▶ DATA SUPPLIED:
──────

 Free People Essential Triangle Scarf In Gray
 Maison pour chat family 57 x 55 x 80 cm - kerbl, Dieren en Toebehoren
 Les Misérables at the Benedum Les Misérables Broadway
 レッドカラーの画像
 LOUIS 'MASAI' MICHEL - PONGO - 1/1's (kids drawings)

──────

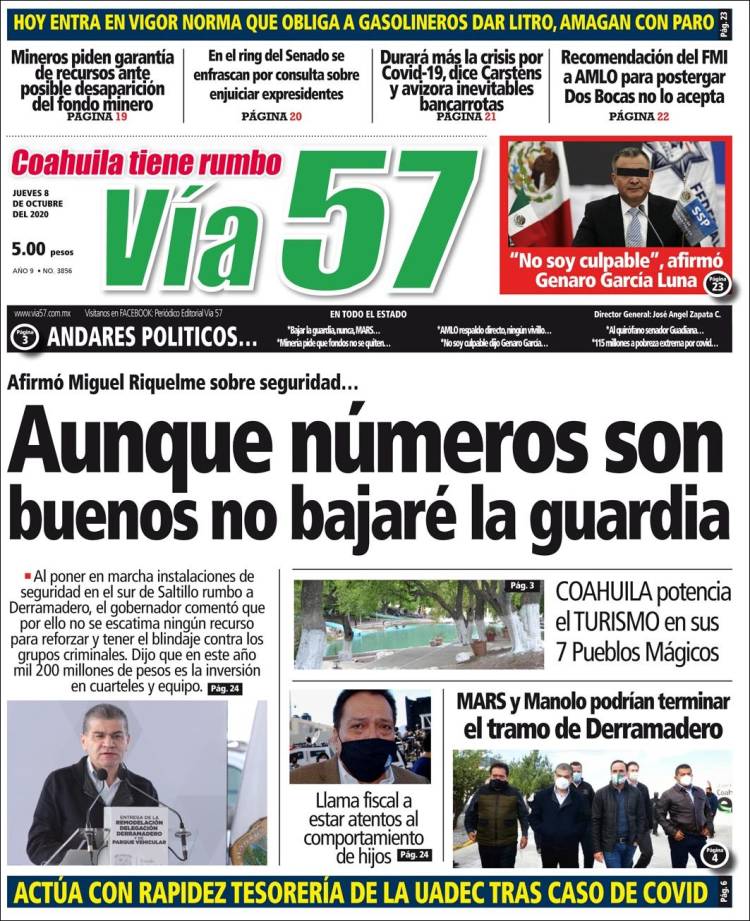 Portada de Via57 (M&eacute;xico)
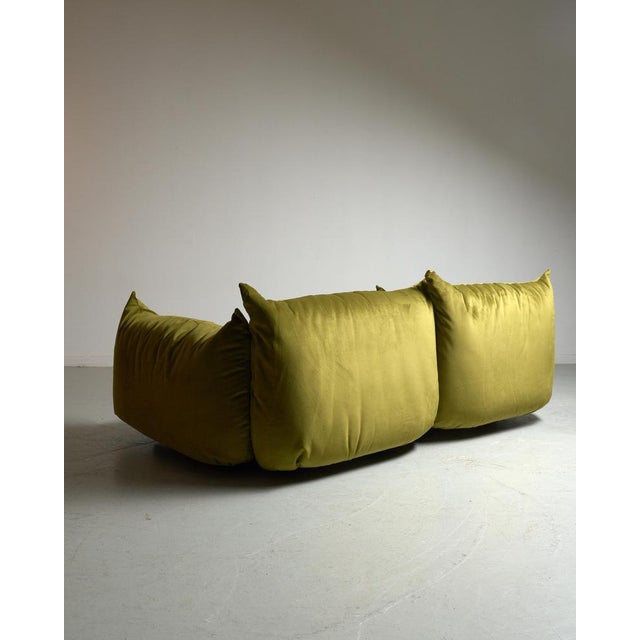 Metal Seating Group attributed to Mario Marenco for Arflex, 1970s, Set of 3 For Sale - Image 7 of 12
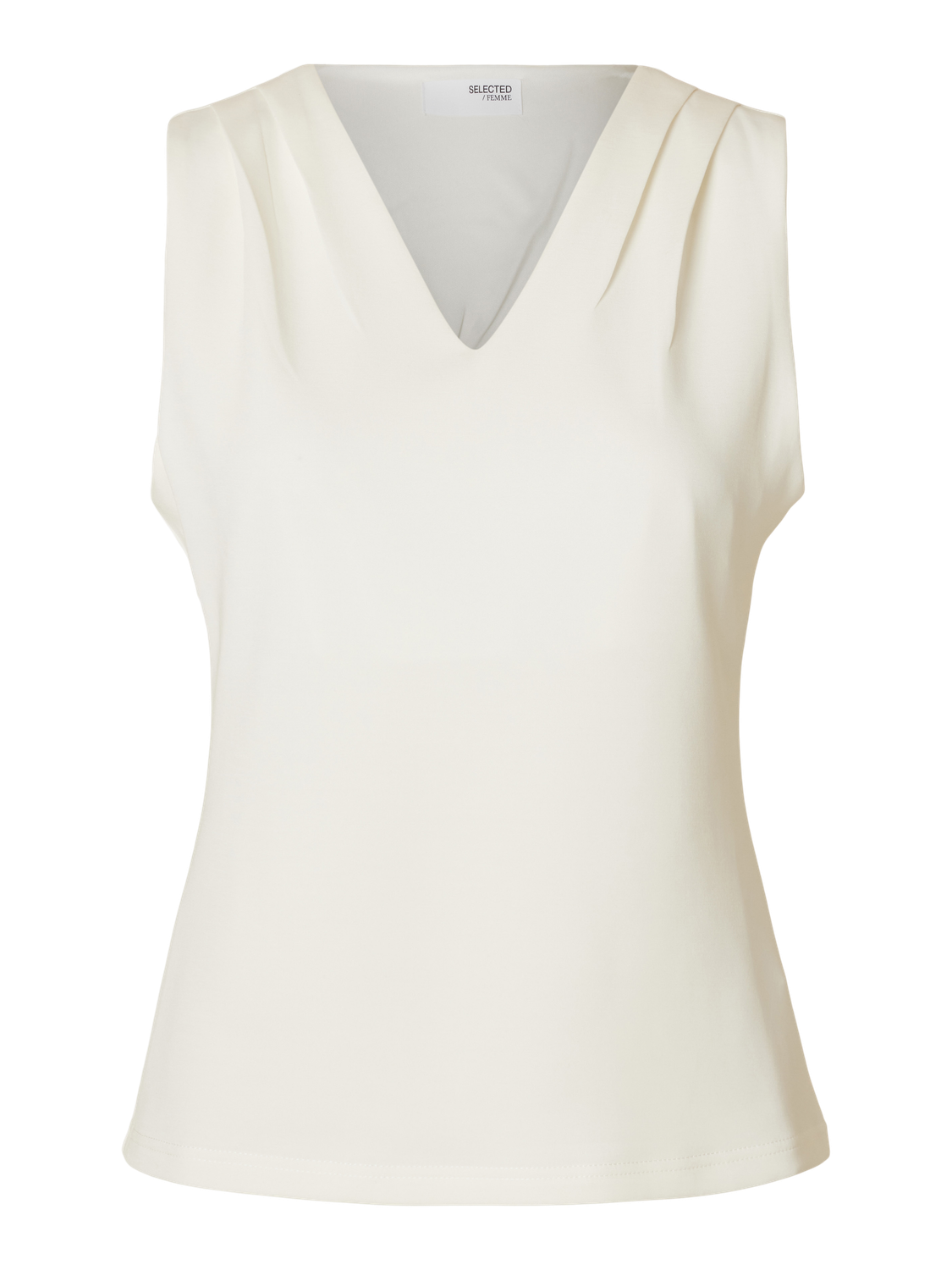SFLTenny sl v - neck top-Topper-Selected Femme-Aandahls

──────

▶ INSTRUCTIONS TO FOLLOW: Print nothing except the lines above from the one containing "Metal Seating Group" down to the one containing "SFLTenny sl v", both included, exactly as written and free of pictures.

▶ TASK OUTPUT:
 Metal Seating Group attributed to Mario Marenco for Arflex, 1970s, Set of 3 For Sale - Image 7 of 12
SFLTenny sl v - neck top-Topper-Selected Femme-Aandahls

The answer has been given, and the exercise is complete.